Investidores estão cada vez mais atentos às incertezas das tarifas, especialmente no setor de varejo, que enfrenta desafios devido a políticas tarifárias voláteis. A TJX, controladora da T.J. Maxx, apresentou resultados positivos no último trimestre, destacando-se em meio a esse cenário.
Jim Cramer, analista da CNBC, classificou a TJX como uma ação subvalorizada, após a empresa ter superado as expectativas de receita e lucro no primeiro trimestre do ano fiscal de dois mil e vinte e seis. A JPMorgan elevou seu preço-alvo para R$ 145,00, um aumento de R$ 130,00, indicando confiança no desempenho da companhia.
A TJX se beneficia de sua capacidade de manter preços baixos, mesmo diante da pressão tarifária. Nimrit Kang, da NorthStar Asset Management, afirmou que a TJX é uma estratégia inteligente para lidar com a incerteza tarifária e a possível desaceleração do consumo. A empresa se destaca ao oferecer valor em um ambiente onde os consumidores buscam cada vez mais por preços acessíveis.

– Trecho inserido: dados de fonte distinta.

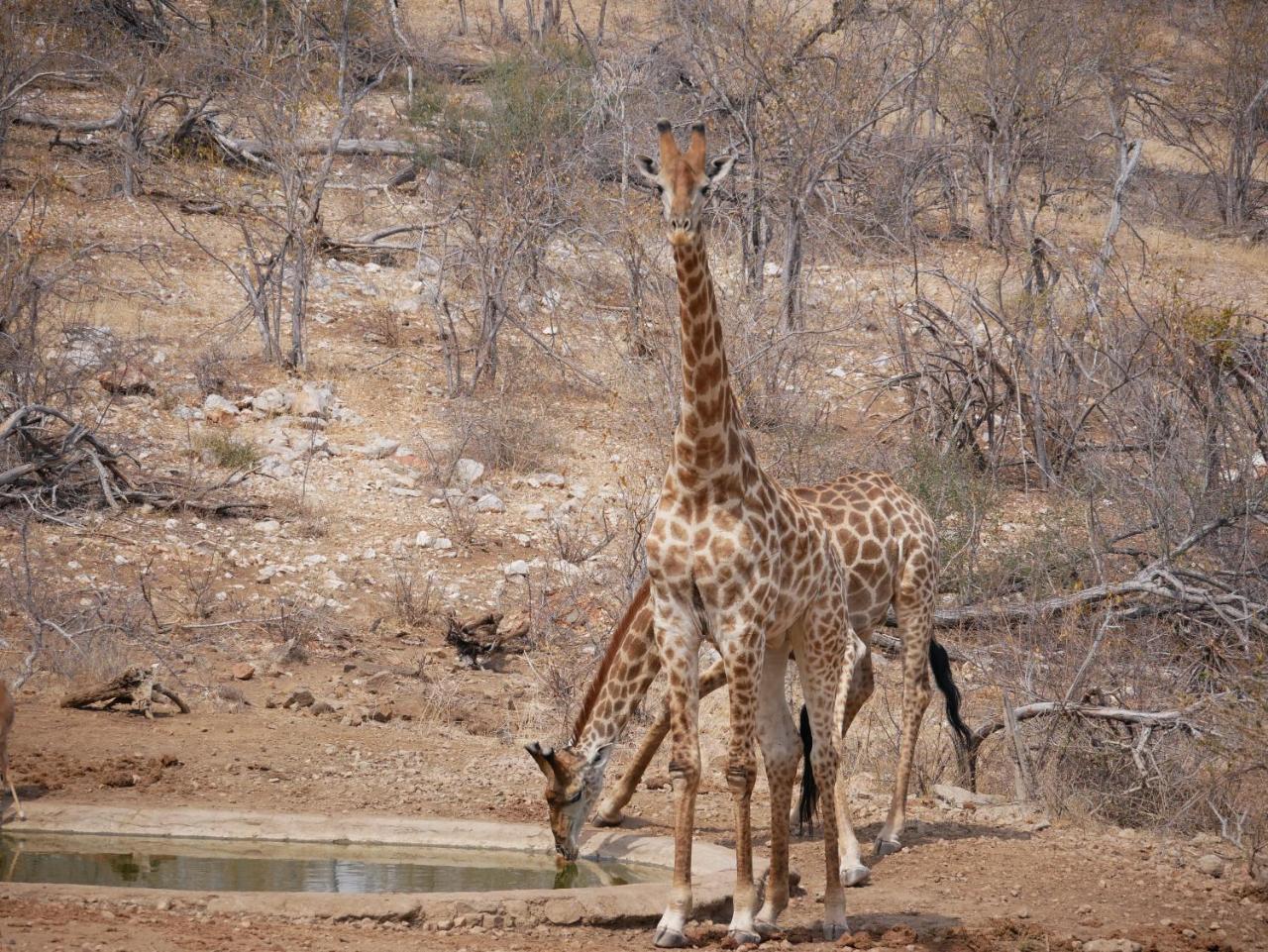 Mbizi Bush Lodge Grietjie Game Reserve Eksteriør billede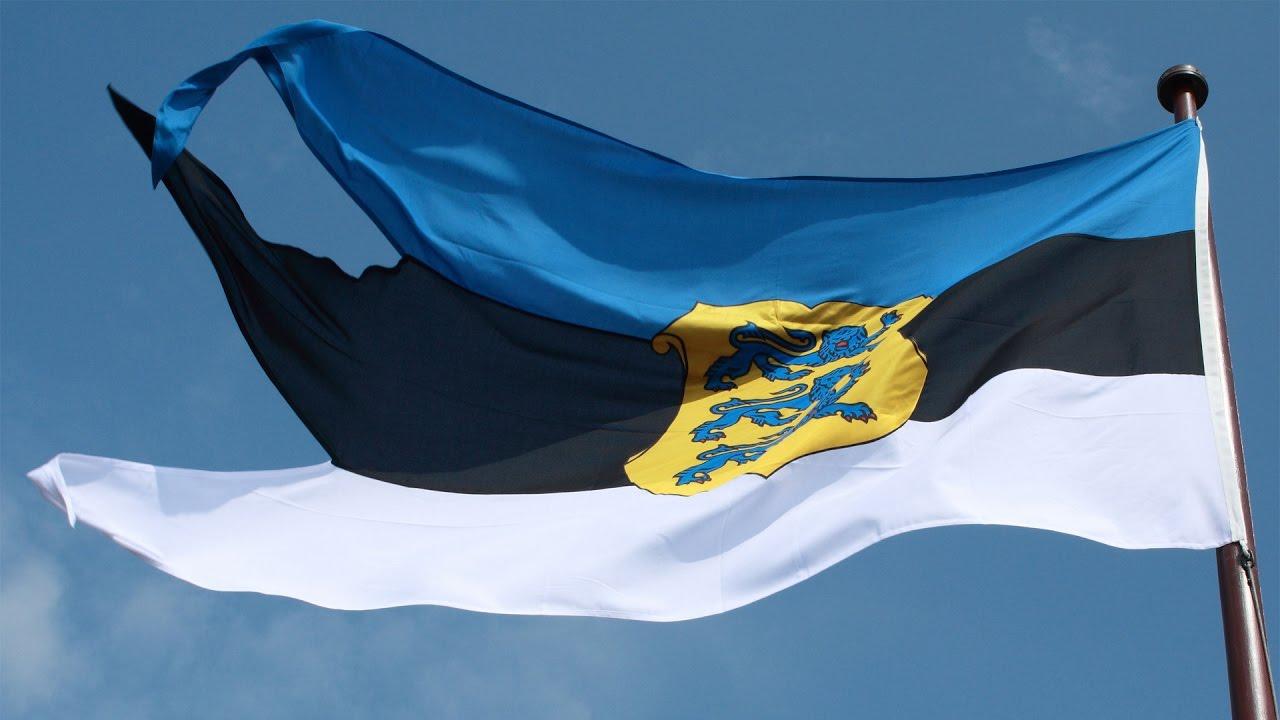 estonian flag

O CEO da TJX, Ernie Herrman, enfatizou a importância de manter uma diferença significativa entre os preços da empresa e os de varejistas tradicionais. Ele destacou que a companhia está bem posicionada para aproveitar a oferta excessiva no mercado, permitindo a aquisição de mercadorias a preços mais baixos. Isso é crucial em um cenário onde concorrentes como Walmart e Target já sinalizaram aumentos de preços devido às tarifas.
A análise da JPMorgan sugere que a TJX está em uma posição vantajosa, com um estoque abundante e flexibilidade financeira para aproveitar oportunidades de compra. O desempenho da ação, que subiu 4,3% até agora em dois mil e vinte e cinco, contrasta com a queda de 4,7% do índice de varejo do S&P. A empresa continua a ser uma opção atrativa para investidores em um setor de varejo marcado pela incerteza.